→ What you need to do
These records contain pictures, which must be left out; copy exactly the lines from the one with "Immediately after, I" up to and including the one with "This is a little".

→ Supplied records
^^^^
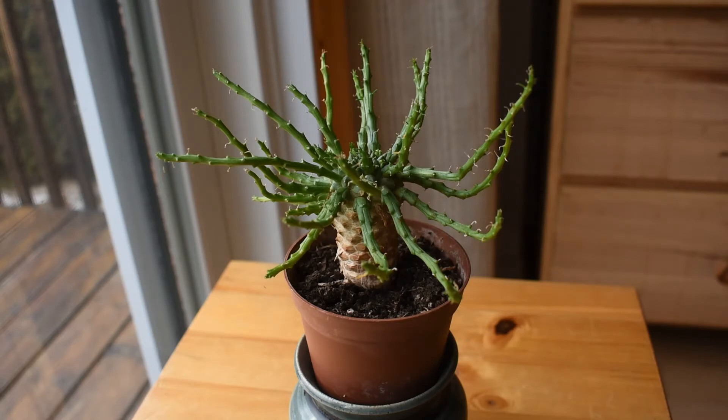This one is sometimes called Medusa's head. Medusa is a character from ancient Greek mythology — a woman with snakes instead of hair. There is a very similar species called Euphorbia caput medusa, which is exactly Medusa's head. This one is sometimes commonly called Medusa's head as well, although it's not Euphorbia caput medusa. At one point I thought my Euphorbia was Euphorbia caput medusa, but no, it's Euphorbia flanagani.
^^^^
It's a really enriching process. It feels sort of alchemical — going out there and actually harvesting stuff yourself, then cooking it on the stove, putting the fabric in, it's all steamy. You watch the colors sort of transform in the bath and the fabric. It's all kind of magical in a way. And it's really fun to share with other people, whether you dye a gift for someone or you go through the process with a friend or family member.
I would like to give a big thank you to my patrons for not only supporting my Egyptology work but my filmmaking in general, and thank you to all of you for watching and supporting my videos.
^^^^
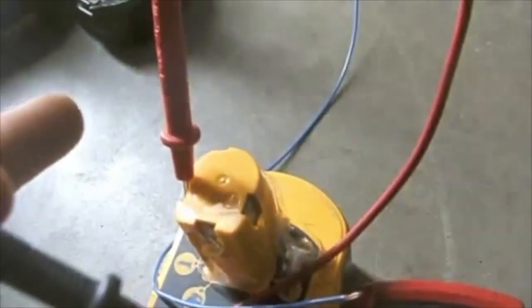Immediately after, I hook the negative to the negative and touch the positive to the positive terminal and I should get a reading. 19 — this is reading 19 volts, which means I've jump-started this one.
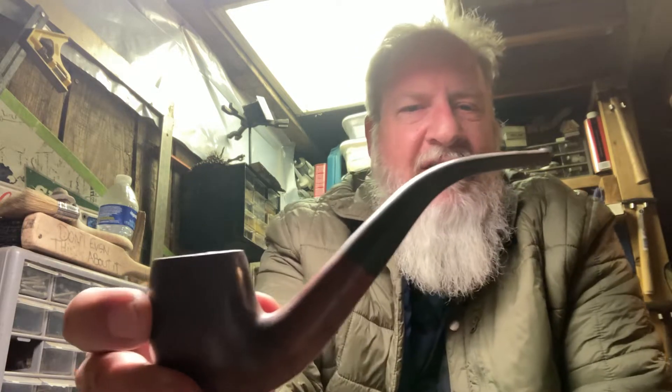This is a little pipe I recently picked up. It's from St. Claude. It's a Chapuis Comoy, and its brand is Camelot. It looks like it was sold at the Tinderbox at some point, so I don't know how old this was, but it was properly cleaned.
^^^^
→ Solved exercise
Immediately after, I hook the negative to the negative and touch the positive to the positive terminal and I should get a reading. 19 — this is reading 19 volts, which means I've jump-started this one.
This is a little pipe I recently picked up. It's from St. Claude. It's a Chapuis Comoy, and its brand is Camelot. It looks like it was sold at the Tinderbox at some point, so I don't know how old this was, but it was properly cleaned.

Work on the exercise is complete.